In Yemen, as I wrote,† the past is always present; and that includes its more baleful aspects. Now, as I write, I want to look to the future, to proclaim that Yemen could be the pioneering state of the region, certainly politically, maybe even economically (what a workforce! what a history of enterprise! what a marketplace!); if … But at the moment there are too many Ifs. And as another old saying goes, ‘I sowed “if” in the valley of “it might be”, and I reaped “would that it had been”.’
Back to the beginning, to that title, Yemen: The Unknown Arabia. It is in fact the title of the American edition, and I used never to be entirely comfortable with it.* Yemen might have been ‘unknown’ in the past; but I was putting that right, wasn’t I? Yet it is a title that has grown on me, and partly because in a sense it has grown more accurate. If Yemen is ‘known’ abroad, now, it tends to be as a lair for those lurking terrorists (I have yet to meet one, knowingly, thank goodness). The richer, stranger, subtler reality – the diversity of land and people, those plural genii of place that I have tried to grasp and portray – is probably even less known outside than it was two decades ago.

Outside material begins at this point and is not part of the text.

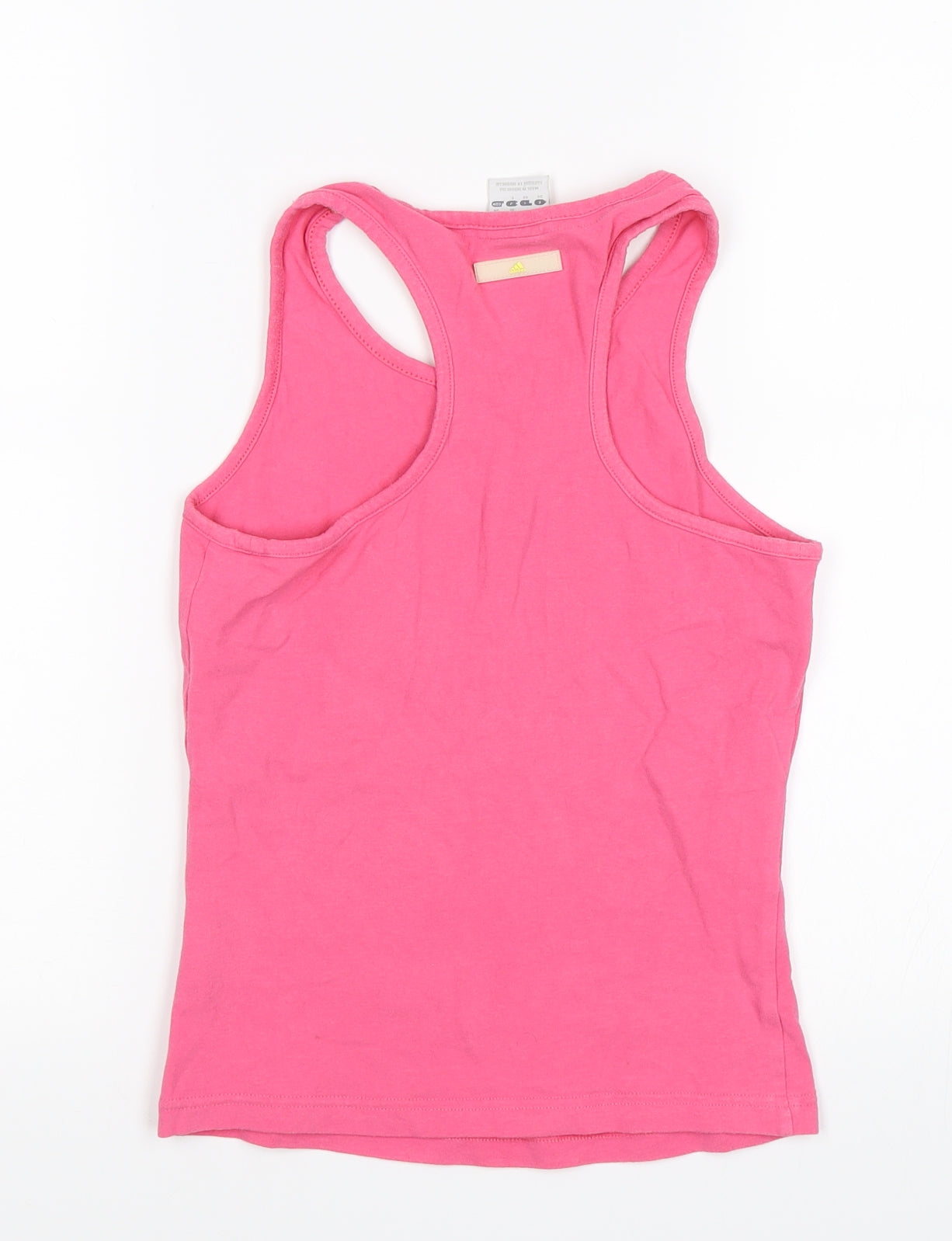 adidas Womens Pink   Basic Tank Size 8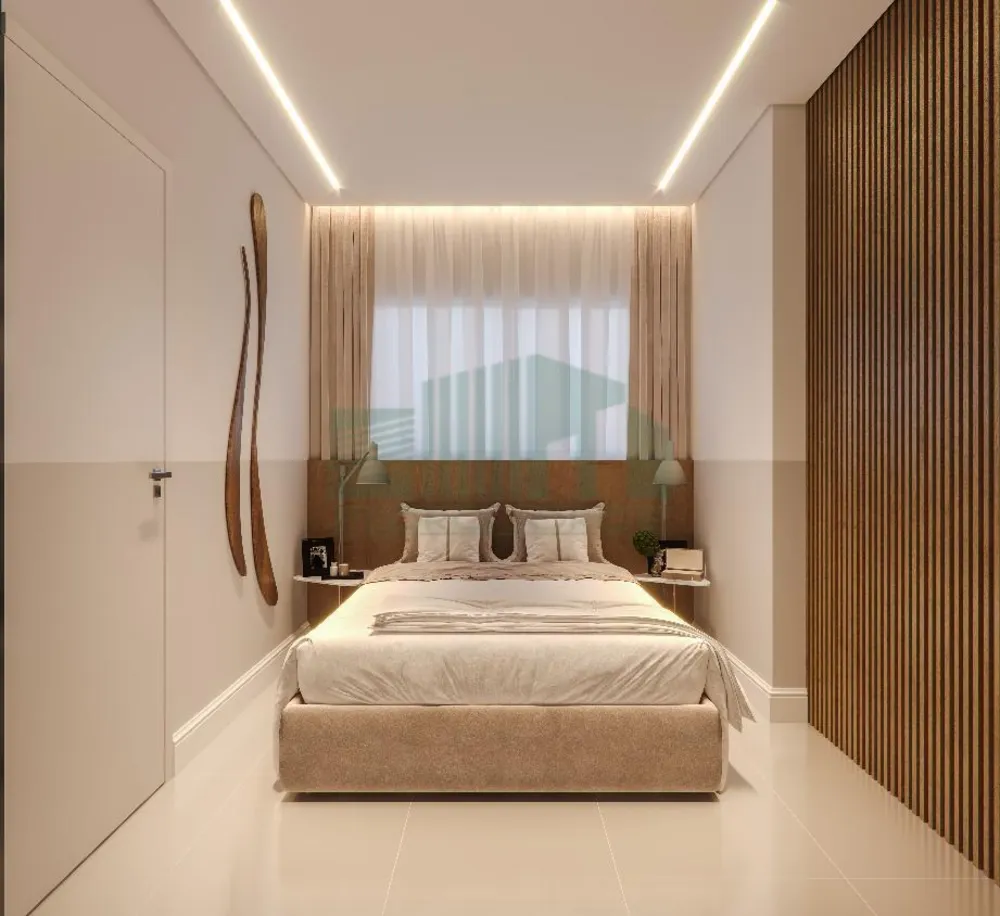 Apartamento, 1 quarto, 33 m² - Foto 3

Indeed, in some ways Yemen is receding from the rest of the region and of the planet. To revisit the parable of the Marib Dam, the Qur’an says that in the aftermath of its collapse the ancient Sabaean Yemenis brought yet more doom upon themselves, by asking God to lengthen the distances they travelled to their neighbours: ‘And they wronged themselves, and We made them as but tales.’ Today, the neighbouring, fellow-Arab Gulf states, a couple of hours’ flying time away, are an impossibly distant dream for almost all Yemenis; to me they seem a sort of parallel universe, a looking-glass Arabia. That said, the distancing is mutual. Eating my breakfast beans in the suq the other week, my place mat – the usual torn sheet of newsprint from the Gulf – had an article about a Hollywood actress opening a ‘table tennis themed’ restaurant in Dubai, where you can play the game (as apéritif or a digestif?) as well as sample the international cuisine. One of the tables, the article said, is gold-plated. I confess I felt a passing urge for gilded ping-pong and foie gras. But I think I’ll stick with my beans.
If The Unknown Arabia has proved a prophetic title as far as the rest of the world goes, then the greater sadness would be if Yemen – the diverse, plural Yemen of this book – were to become unknown to the Yemenis themselves. It will do, if they listen only to the more strident slogans of the present – for example the ‘You are our homeland, O Ali!’ of the partisans of the former president (l’état, c’est lui? I thought Yemen was meant to be a republic),* or the ‘Death to America!’ of the neo-Zaydis (why not death to poverty, corruption, ignorance?). The people of Yemen should listen to the gentler, more polyphonic voices of the past.
Then again, the most vital voices to heed are the hardest of all to hear. They are the voices of those processions of Yemeni sons and Yemeni daughters yet unborn. Listen to them … Are they blessing the graves of their sleeping ancestors, alive today, or cursing them?